= WHAT YOU ARE ASKED TO DO =
Print the records below exactly; all of them are needed.

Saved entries
......

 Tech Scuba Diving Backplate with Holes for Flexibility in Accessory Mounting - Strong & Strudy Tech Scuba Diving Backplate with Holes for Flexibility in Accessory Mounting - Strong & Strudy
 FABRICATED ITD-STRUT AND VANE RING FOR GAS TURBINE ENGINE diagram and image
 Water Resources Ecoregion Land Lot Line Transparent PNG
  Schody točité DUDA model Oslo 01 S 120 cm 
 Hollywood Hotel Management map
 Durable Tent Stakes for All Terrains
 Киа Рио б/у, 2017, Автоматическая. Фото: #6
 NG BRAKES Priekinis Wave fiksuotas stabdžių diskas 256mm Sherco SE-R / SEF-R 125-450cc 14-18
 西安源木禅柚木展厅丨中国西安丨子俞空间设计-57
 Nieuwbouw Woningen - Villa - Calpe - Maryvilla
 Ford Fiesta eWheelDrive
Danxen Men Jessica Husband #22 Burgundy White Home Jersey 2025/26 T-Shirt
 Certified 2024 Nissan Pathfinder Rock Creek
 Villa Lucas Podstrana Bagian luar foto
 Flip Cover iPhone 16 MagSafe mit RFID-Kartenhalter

......

= OUTPUT OF THE TASK =
 Tech Scuba Diving Backplate with Holes for Flexibility in Accessory Mounting - Strong & Strudy Tech Scuba Diving Backplate with Holes for Flexibility in Accessory Mounting - Strong & Strudy
 FABRICATED ITD-STRUT AND VANE RING FOR GAS TURBINE ENGINE diagram and image
 Water Resources Ecoregion Land Lot Line Transparent PNG
  Schody točité DUDA model Oslo 01 S 120 cm 
 Hollywood Hotel Management map
 Durable Tent Stakes for All Terrains
 Киа Рио б/у, 2017, Автоматическая. Фото: #6
 NG BRAKES Priekinis Wave fiksuotas stabdžių diskas 256mm Sherco SE-R / SEF-R 125-450cc 14-18
 西安源木禅柚木展厅丨中国西安丨子俞空间设计-57
 Nieuwbouw Woningen - Villa - Calpe - Maryvilla
 Ford Fiesta eWheelDrive
Danxen Men Jessica Husband #22 Burgundy White Home Jersey 2025/26 T-Shirt
 Certified 2024 Nissan Pathfinder Rock Creek
 Villa Lucas Podstrana Bagian luar foto
 Flip Cover iPhone 16 MagSafe mit RFID-Kartenhalter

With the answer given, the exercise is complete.